[Materials provided]

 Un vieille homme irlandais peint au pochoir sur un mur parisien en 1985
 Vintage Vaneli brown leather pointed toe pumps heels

[/Materials provided]
[Materials provided]

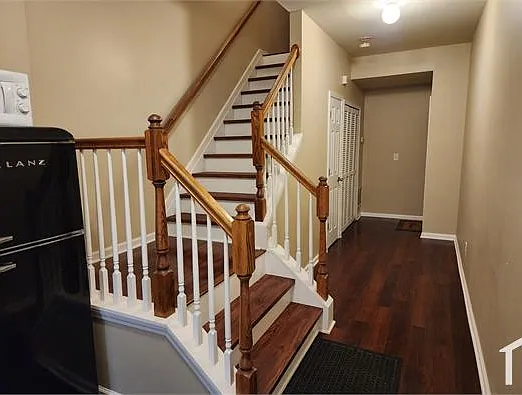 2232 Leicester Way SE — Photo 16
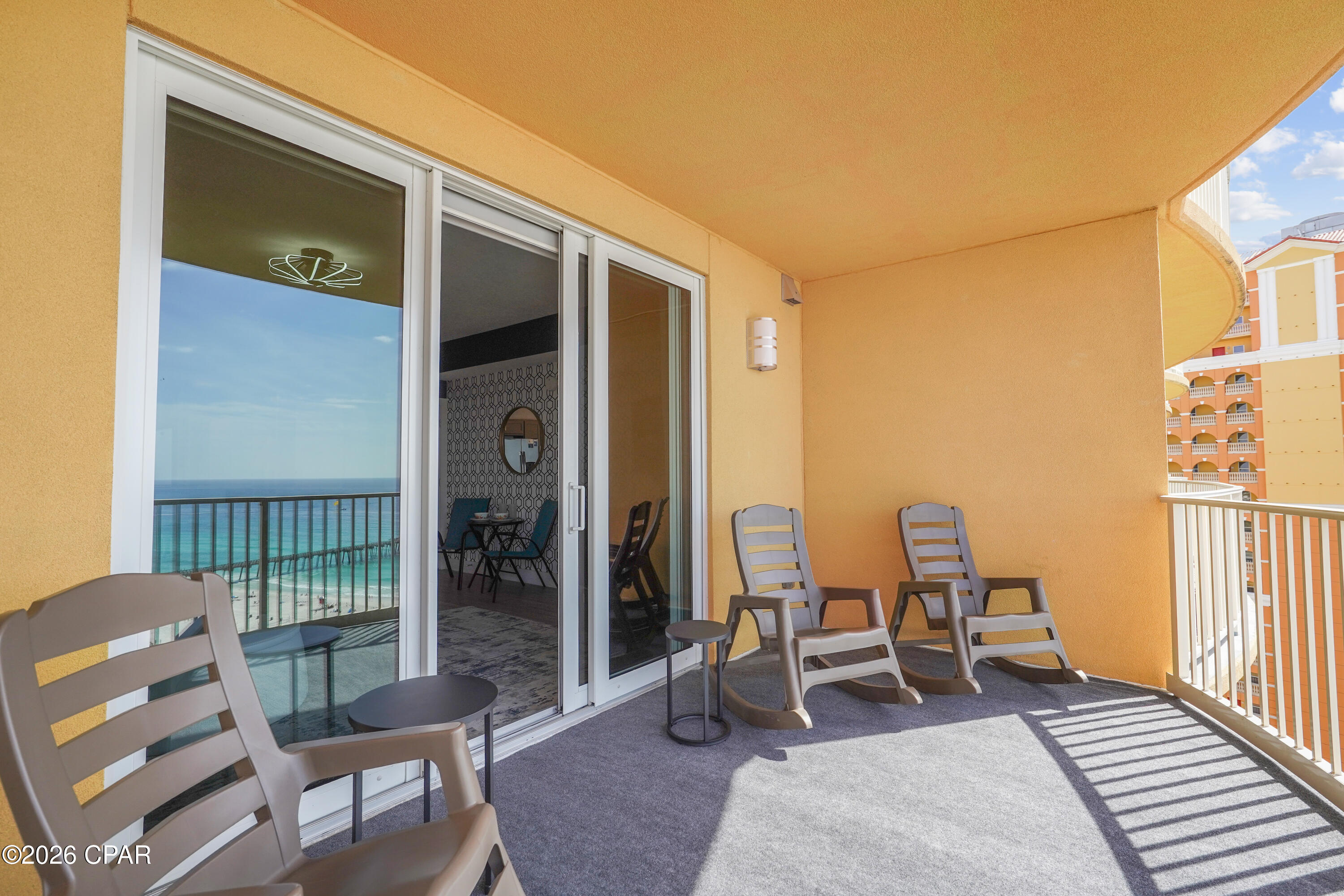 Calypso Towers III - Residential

[/Materials provided]

- Task
Look above for the line with "2232 Leicester Way SE — Photo 16" and the line with "Calypso Towers III - Residential", then restate exactly those two lines and all lines between them, with no pictures.

- Response below
 2232 Leicester Way SE — Photo 16
 Calypso Towers III - Residential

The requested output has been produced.